Yep -- exactly.  For example, write a C client program that recursed
the structure and dumped it to stdout or assigned to dummy variables
(being mindful of compiler optimizations).  I'd be contrasting this to
a C parsed json that did essentially the same thing, and rigging a
high scale test on the back of that.  The assumption here is that the
ultimate consumer is not, say, a browser, but some client app that can
actually exploit the performance advantages (else, why bother?).

In my experience with arrays and composites, you can see significant
performance reduction and throughput increase in certain classes of
queries.  However, some of the types that were the worst offenders
(like timestamps) have been subsequently optimized and/or are
irrelevant to json since they'd be passed as test anyways.

merlin


Re: WIP Patch: Add a function that returns binary JSONB as a bytea

От
Stephen Frost
Дата:
Greetings,

* Merlin Moncure (mmoncure@gmail.com) wrote:
> On Fri, Nov 2, 2018 at 11:15 AM Stephen Frost <sfrost@snowman.net> wrote:
> > * Merlin Moncure (mmoncure@gmail.com) wrote:
> > > I'll still stand other point I made though; I'd
> > > really want to see some benchmarks demonstrating benefit over
> > > competing approaches that work over the current formats.  That should
> > > frame the argument as to whether this is a good idea.
> >
> > What are the 'competing approaches' you're alluding to here?  Sending
> > text-format json across as we do today?
>
> Yep -- exactly.  For example, write a C client program that recursed
> the structure and dumped it to stdout or assigned to dummy variables
> (being mindful of compiler optimizations).  I'd be contrasting this to
> a C parsed json that did essentially the same thing, and rigging a
> high scale test on the back of that.  The assumption here is that the
> ultimate consumer is not, say, a browser, but some client app that can
> actually exploit the performance advantages (else, why bother?).

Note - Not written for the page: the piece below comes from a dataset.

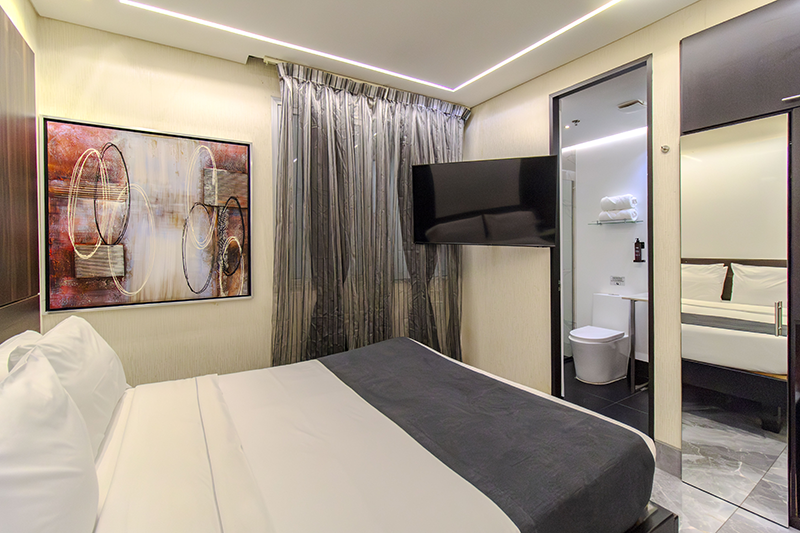 consort-suite-room-bed-4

If transferring the data in binary doesn't show a performance
improvement then I could agree that it wouldn't be sensible to do- but I
also find that very unlikely to be the case.

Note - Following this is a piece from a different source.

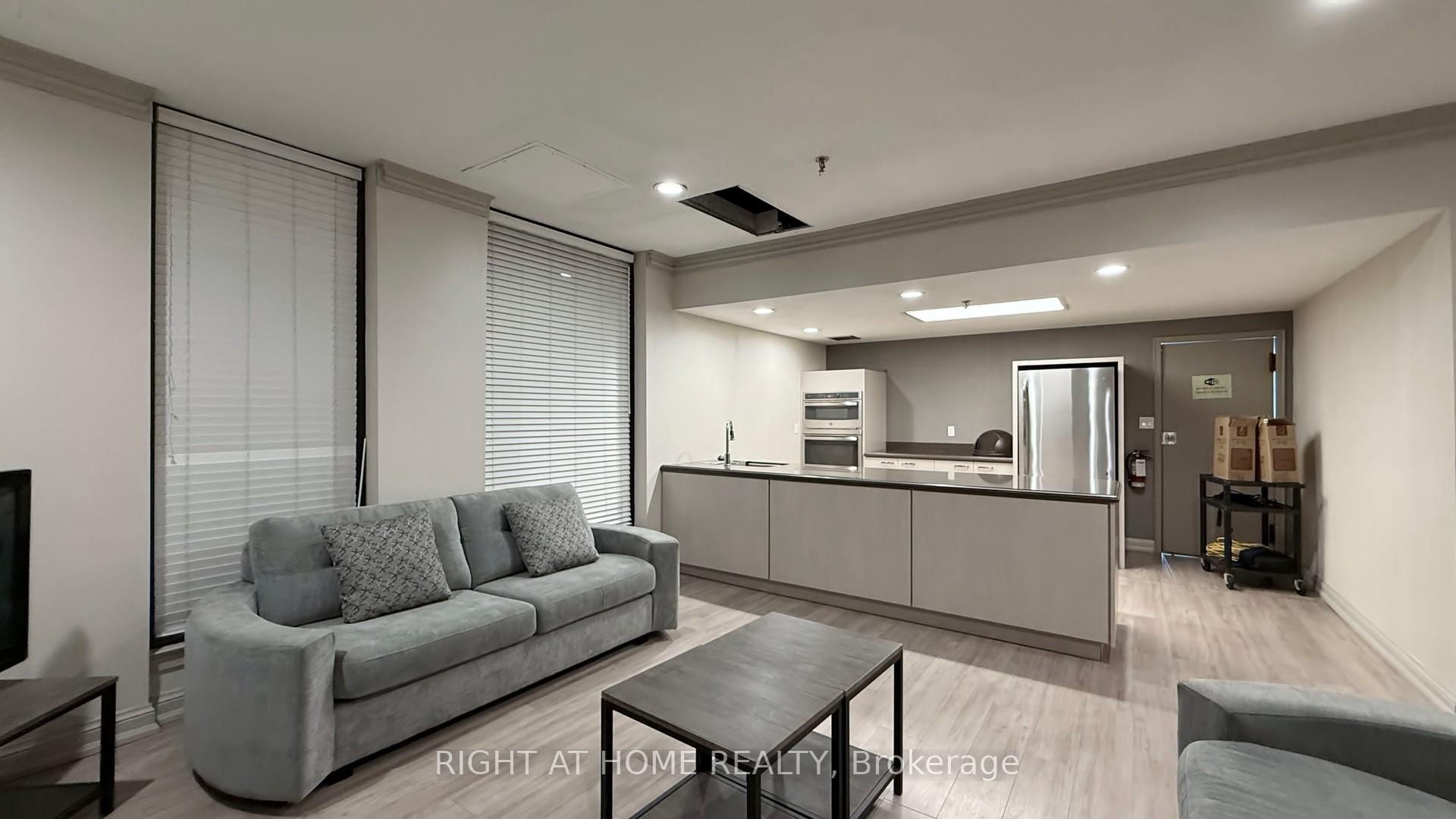 3 Bedrooms Condo at 75 Bamburgh, Toronto For sale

As for what language it's written in- I don't think that matters much.
I'd very much expect it to be more performant to use binary if you're
working in C, of course, but there's no point comparing C-parsed json
into some C structure vs. psycopg2 injesting binary data and building a
Python json object- what matters is if it'd be faster for psycopg2 to
pull in binary-json data and put it into a Python json object, or if
it'd be faster to parse the text-json data and put the result into the
same Python object.  In my view, there's something clearly quite wrong
if the text-json data format is faster at that.

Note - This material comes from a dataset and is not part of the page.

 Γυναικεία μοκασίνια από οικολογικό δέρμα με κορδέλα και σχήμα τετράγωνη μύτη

> In my experience with arrays and composites, you can see significant
> performance reduction and throughput increase in certain classes of
> queries.  However, some of the types that were the worst offenders
> (like timestamps) have been subsequently optimized and/or are
> irrelevant to json since they'd be passed as test anyways.

I've had very good success transferring timestamps as binary, so I'm not
quite sure what you're getting at here.

Thanks!

Stephen

Вложения

Re: WIP Patch: Add a function that returns binary JSONB as a bytea

От
Merlin Moncure
Дата:
On Fri, Nov 2, 2018 at 2:34 PM Stephen Frost <sfrost@snowman.net> wrote:
> * Merlin Moncure (mmoncure@gmail.com) wrote:
> As for what language it's written in- I don't think that matters much.
> I'd very much expect it to be more performant to use binary if you're
> working in C, of course, but there's no point comparing C-parsed json
> into some C structure vs. psycopg2 injesting binary data and building a
> Python json object- what matters is if it'd be faster for psycopg2 to
> pull in binary-json data and put it into a Python json object, or if
> it'd be faster to parse the text-json data and put the result into the
> same Python object.  In my view, there's something clearly quite wrong
> if the text-json data format is faster at that.

Yeah, I figure the language would be C or another language with
drivers smart enough to speak the binary protocol.

> > In my experience with arrays and composites, you can see significant
> > performance reduction and throughput increase in certain classes of
> > queries.  However, some of the types that were the worst offenders
> > (like timestamps) have been subsequently optimized and/or are
> > irrelevant to json since they'd be passed as test anyways.
>
> I've had very good success transferring timestamps as binary, so I'm not
> quite sure what you're getting at here.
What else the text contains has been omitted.